Only lines, not pictures: please repeat exactly the lines from the one with "Hadlow Preparatory School..." through the end of the listing.

## EXERCISE DATA
=== Begin Enclosure ===

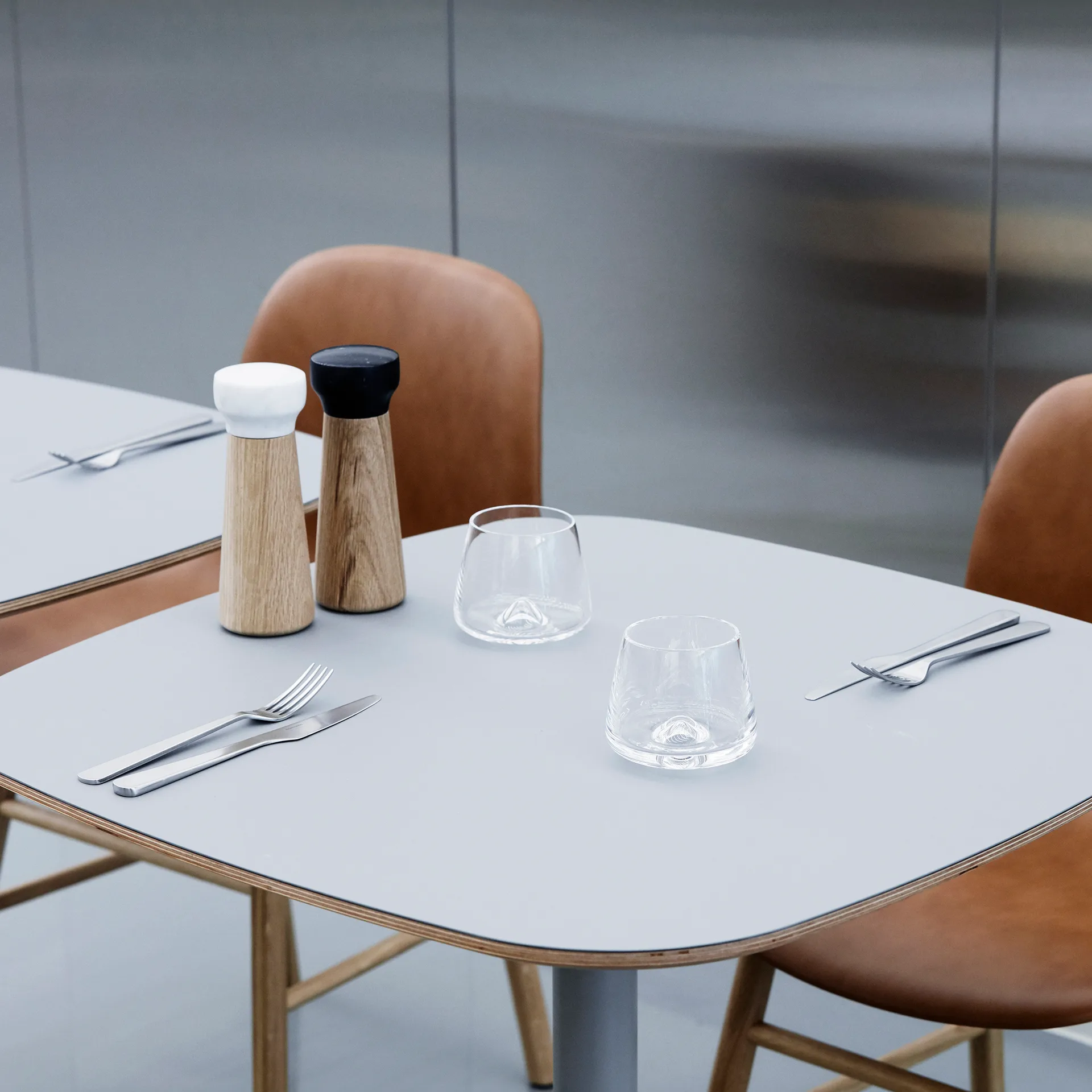 Normann viskilasi 2 kpl, 30 cl Normann Copenhagen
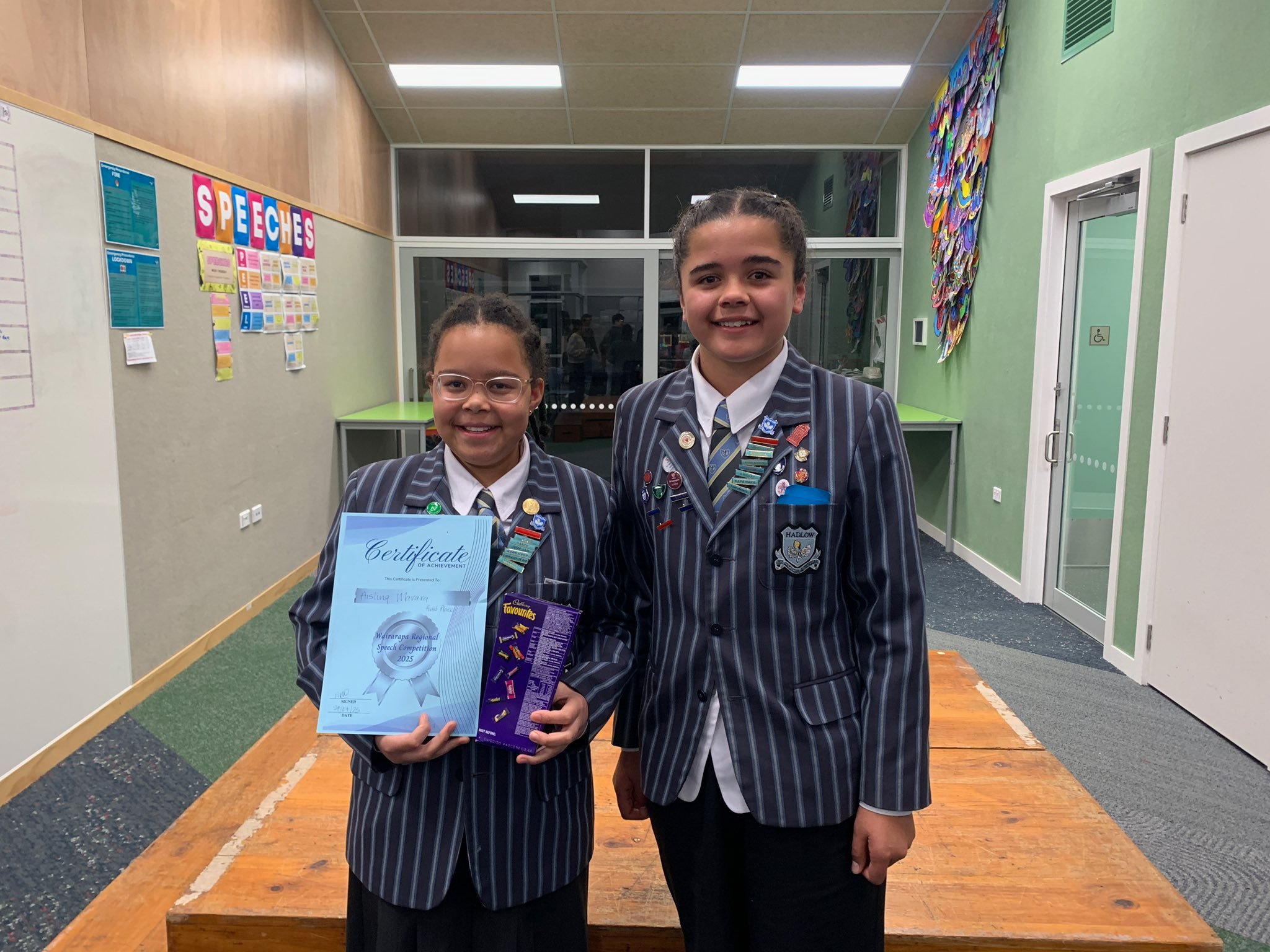 Hadlow Preparatory School... - Hadlow Preparatory School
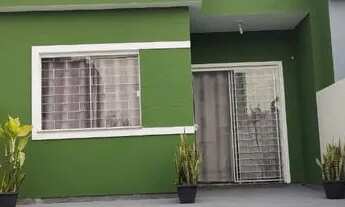 Imagem: Casa em Tijucas SC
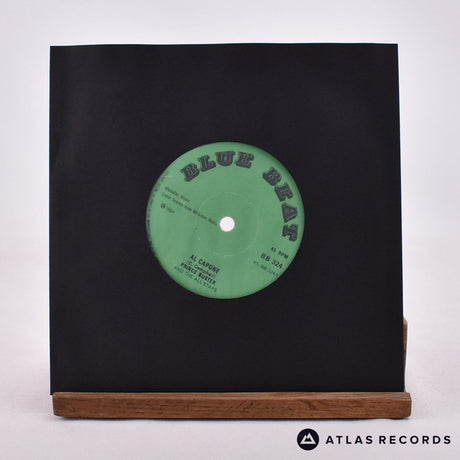 Prince Buster's All Stars Al Capone 7" Vinyl Record - In Sleeve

=== End Enclosure ===

## SOLUTION
 Hadlow Preparatory School... - Hadlow Preparatory School
 Imagem: Casa em Tijucas SC
 Prince Buster's All Stars Al Capone 7" Vinyl Record - In Sleeve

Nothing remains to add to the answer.